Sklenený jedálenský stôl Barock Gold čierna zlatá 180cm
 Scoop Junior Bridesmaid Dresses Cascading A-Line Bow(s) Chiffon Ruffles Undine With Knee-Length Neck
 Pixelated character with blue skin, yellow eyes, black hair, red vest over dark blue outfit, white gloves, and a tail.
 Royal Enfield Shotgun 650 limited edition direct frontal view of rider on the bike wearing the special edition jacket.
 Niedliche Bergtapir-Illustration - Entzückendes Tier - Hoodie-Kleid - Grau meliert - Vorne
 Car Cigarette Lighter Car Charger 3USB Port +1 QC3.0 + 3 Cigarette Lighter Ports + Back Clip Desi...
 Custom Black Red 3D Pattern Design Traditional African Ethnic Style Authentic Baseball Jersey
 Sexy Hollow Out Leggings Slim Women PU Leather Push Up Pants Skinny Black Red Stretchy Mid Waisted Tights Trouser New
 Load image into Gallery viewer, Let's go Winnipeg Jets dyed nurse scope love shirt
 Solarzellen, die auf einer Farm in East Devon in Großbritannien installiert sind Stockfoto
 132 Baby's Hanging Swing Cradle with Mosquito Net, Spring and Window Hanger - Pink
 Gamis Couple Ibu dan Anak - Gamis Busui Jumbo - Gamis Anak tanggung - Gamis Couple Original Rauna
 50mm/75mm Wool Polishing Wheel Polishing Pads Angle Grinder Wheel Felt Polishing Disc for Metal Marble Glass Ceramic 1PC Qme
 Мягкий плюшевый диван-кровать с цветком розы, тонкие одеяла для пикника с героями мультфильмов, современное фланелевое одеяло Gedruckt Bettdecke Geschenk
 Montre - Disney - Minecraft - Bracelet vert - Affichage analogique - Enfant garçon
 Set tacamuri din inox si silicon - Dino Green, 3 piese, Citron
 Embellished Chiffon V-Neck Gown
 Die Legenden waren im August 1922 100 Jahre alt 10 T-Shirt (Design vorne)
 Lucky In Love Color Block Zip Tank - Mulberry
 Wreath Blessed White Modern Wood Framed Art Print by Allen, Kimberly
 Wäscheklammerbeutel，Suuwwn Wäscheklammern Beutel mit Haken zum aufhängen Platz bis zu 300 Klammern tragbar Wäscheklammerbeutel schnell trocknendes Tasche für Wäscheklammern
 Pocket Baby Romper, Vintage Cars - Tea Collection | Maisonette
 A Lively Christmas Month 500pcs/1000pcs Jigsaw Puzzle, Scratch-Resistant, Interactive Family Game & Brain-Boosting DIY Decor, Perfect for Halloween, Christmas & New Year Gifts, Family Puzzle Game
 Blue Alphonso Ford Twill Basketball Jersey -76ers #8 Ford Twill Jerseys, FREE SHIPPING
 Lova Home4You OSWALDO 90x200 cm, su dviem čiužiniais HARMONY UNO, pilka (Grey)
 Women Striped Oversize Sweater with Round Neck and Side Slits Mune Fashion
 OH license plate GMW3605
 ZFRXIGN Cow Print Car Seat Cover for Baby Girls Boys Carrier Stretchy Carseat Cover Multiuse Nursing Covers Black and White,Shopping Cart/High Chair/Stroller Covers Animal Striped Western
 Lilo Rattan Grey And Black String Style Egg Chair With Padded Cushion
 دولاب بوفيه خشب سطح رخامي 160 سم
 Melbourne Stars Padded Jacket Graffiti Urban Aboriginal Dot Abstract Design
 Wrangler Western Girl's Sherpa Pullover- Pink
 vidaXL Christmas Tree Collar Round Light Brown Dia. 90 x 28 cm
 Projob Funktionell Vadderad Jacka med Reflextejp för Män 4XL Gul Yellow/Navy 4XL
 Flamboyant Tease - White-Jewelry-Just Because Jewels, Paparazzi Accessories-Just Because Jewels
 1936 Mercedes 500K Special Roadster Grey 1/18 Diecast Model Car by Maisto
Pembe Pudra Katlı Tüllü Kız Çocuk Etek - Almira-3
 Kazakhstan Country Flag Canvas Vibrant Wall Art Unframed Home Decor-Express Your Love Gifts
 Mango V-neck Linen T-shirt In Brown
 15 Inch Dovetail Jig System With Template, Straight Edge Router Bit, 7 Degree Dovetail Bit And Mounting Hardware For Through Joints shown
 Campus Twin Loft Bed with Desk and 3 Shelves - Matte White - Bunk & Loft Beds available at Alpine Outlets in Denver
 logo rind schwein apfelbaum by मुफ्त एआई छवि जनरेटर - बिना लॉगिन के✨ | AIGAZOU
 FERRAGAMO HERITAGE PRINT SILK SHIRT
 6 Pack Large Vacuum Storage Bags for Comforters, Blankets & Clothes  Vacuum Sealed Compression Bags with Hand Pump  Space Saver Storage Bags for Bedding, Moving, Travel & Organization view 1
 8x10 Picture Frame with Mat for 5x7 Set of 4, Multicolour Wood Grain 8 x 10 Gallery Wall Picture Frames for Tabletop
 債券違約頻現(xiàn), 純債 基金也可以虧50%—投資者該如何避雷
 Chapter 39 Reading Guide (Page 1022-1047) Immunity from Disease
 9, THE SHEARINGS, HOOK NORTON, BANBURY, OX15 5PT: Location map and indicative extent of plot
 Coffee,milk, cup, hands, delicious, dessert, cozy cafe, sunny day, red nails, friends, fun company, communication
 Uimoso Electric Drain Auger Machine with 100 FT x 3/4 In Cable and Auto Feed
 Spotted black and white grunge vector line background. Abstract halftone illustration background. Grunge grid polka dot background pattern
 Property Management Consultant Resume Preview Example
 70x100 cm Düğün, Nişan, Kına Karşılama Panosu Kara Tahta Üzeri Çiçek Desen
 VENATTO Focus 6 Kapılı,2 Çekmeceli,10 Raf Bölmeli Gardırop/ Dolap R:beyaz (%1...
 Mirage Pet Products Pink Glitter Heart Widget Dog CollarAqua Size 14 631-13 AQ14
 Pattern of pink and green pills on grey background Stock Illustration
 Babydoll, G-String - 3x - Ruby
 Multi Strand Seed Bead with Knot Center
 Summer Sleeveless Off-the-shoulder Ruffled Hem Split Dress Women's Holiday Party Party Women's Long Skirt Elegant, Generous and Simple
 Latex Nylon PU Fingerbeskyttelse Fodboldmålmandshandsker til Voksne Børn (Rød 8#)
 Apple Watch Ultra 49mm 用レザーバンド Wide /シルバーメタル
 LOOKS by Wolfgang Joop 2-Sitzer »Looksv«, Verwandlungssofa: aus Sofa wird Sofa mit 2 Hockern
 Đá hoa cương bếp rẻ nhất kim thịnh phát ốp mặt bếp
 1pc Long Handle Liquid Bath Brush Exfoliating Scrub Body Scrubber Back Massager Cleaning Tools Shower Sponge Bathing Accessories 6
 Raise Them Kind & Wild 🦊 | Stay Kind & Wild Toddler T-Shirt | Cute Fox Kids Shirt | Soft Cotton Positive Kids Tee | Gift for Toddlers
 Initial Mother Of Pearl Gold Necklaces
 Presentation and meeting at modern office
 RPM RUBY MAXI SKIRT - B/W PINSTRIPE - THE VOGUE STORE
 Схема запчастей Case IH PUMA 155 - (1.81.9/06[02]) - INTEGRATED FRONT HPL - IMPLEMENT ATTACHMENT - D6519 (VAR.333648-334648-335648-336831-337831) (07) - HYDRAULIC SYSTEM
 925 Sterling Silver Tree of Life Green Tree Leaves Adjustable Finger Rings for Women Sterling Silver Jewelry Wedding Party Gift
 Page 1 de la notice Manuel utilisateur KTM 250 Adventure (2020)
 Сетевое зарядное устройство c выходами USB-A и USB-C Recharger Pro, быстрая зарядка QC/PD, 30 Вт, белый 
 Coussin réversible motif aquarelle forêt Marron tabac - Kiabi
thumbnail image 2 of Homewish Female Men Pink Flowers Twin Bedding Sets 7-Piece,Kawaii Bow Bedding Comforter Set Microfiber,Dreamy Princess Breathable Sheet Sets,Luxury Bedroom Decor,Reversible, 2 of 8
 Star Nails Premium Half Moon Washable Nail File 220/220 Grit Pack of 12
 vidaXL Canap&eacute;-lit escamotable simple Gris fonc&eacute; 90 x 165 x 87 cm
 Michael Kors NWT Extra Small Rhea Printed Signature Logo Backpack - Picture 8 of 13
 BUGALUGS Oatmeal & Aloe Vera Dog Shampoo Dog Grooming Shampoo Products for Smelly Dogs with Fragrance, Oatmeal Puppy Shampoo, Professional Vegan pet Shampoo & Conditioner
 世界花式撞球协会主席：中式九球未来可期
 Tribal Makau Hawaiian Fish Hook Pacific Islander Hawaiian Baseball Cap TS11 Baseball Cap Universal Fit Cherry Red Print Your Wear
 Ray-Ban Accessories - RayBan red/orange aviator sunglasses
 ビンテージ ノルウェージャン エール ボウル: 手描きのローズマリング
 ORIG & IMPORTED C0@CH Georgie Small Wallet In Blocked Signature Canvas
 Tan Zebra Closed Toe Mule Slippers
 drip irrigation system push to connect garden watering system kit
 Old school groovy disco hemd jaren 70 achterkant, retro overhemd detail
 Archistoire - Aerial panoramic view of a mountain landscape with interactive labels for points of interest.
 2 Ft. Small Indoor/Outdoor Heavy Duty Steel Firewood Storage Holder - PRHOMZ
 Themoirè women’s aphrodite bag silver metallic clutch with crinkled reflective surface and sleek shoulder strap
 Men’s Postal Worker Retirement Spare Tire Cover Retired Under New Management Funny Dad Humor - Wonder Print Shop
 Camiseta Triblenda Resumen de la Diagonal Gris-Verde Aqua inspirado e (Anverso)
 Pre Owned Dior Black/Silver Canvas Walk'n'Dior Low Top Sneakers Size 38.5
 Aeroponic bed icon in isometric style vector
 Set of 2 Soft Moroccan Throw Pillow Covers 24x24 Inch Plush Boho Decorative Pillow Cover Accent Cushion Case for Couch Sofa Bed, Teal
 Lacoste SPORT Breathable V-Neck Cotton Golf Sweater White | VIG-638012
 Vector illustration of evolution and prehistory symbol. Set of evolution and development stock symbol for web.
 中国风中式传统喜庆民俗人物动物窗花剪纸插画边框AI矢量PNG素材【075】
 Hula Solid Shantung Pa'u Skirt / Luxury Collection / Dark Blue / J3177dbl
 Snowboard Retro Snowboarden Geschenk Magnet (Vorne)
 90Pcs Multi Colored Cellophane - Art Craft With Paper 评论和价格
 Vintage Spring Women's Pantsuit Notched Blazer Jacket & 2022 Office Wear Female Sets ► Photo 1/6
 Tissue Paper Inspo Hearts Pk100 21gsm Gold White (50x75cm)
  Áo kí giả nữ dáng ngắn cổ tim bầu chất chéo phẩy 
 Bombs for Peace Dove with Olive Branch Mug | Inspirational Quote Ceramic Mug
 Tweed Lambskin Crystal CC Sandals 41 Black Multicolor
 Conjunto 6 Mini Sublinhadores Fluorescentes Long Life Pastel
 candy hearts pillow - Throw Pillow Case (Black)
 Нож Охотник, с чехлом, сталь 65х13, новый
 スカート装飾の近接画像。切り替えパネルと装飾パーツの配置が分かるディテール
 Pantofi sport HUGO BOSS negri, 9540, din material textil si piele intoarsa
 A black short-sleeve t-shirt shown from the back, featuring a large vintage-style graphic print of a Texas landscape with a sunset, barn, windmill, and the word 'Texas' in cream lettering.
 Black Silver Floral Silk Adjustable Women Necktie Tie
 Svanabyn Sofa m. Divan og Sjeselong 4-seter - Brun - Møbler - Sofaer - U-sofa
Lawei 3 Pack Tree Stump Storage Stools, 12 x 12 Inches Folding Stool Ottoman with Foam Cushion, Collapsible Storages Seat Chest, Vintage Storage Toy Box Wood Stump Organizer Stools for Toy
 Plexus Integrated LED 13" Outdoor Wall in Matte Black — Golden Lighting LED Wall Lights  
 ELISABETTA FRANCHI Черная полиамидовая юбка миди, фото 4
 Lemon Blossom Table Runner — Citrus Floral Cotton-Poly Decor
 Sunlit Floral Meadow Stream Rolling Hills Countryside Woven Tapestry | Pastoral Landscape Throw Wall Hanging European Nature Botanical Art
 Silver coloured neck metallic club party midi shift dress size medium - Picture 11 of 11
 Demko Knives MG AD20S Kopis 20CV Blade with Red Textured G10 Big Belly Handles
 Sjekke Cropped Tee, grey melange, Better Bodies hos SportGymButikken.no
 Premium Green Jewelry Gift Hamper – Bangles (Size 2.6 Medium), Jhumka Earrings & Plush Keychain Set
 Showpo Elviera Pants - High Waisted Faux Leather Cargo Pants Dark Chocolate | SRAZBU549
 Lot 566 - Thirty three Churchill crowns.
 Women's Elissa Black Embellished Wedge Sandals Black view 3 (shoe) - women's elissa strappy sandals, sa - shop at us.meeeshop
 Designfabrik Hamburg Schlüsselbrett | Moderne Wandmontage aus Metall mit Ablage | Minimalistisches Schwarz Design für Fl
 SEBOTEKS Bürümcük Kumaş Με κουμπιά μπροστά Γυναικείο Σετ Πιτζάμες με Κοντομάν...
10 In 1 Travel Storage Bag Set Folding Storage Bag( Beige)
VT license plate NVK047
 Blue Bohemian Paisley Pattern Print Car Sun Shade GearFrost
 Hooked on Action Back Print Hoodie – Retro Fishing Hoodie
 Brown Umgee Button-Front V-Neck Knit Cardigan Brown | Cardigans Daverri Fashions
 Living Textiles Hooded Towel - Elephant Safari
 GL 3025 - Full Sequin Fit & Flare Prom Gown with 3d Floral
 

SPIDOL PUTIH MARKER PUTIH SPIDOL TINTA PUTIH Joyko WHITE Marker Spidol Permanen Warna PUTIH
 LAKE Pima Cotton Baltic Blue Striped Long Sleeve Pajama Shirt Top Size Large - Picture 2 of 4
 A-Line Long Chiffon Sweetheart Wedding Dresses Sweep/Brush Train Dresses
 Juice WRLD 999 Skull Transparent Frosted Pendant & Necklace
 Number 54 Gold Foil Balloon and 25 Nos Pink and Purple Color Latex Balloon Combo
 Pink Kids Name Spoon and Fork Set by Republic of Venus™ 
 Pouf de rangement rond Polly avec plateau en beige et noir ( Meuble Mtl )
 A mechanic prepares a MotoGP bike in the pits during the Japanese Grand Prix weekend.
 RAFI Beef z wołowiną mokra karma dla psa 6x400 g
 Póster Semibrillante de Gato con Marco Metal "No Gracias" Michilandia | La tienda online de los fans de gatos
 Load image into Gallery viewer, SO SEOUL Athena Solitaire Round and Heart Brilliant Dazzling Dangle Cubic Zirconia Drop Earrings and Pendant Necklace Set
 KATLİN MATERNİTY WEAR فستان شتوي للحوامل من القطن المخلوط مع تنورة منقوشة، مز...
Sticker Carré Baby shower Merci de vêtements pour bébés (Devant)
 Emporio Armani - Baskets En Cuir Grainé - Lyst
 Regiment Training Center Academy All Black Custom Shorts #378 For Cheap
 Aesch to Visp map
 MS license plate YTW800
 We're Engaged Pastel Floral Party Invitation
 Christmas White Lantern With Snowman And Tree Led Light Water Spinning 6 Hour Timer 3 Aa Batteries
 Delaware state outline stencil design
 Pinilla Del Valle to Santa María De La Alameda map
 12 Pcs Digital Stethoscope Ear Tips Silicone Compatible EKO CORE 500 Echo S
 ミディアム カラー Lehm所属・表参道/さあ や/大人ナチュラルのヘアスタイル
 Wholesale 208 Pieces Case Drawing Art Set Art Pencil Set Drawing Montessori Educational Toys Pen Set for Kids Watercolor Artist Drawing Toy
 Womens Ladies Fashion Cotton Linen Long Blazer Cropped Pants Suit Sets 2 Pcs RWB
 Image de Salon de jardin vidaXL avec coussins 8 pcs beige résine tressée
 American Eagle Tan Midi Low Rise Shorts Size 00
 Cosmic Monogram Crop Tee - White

# EXERCISE INSTRUCTIONS
Would you repeat the lines from the one containing "KATLİN MATERNİTY WEAR" through the end of the data, exactly, with nothing before or after them?

# SOLUTION TO THE PROBLEM
 KATLİN MATERNİTY WEAR فستان شتوي للحوامل من القطن المخلوط مع تنورة منقوشة، مز...
Sticker Carré Baby shower Merci de vêtements pour bébés (Devant)
 Emporio Armani - Baskets En Cuir Grainé - Lyst
 Regiment Training Center Academy All Black Custom Shorts #378 For Cheap
 Aesch to Visp map
 MS license plate YTW800
 We're Engaged Pastel Floral Party Invitation
 Christmas White Lantern With Snowman And Tree Led Light Water Spinning 6 Hour Timer 3 Aa Batteries
 Delaware state outline stencil design
 Pinilla Del Valle to Santa María De La Alameda map
 12 Pcs Digital Stethoscope Ear Tips Silicone Compatible EKO CORE 500 Echo S
 ミディアム カラー Lehm所属・表参道/さあ や/大人ナチュラルのヘアスタイル
 Wholesale 208 Pieces Case Drawing Art Set Art Pencil Set Drawing Montessori Educational Toys Pen Set for Kids Watercolor Artist Drawing Toy
 Womens Ladies Fashion Cotton Linen Long Blazer Cropped Pants Suit Sets 2 Pcs RWB
 Image de Salon de jardin vidaXL avec coussins 8 pcs beige résine tressée
 American Eagle Tan Midi Low Rise Shorts Size 00
 Cosmic Monogram Crop Tee - White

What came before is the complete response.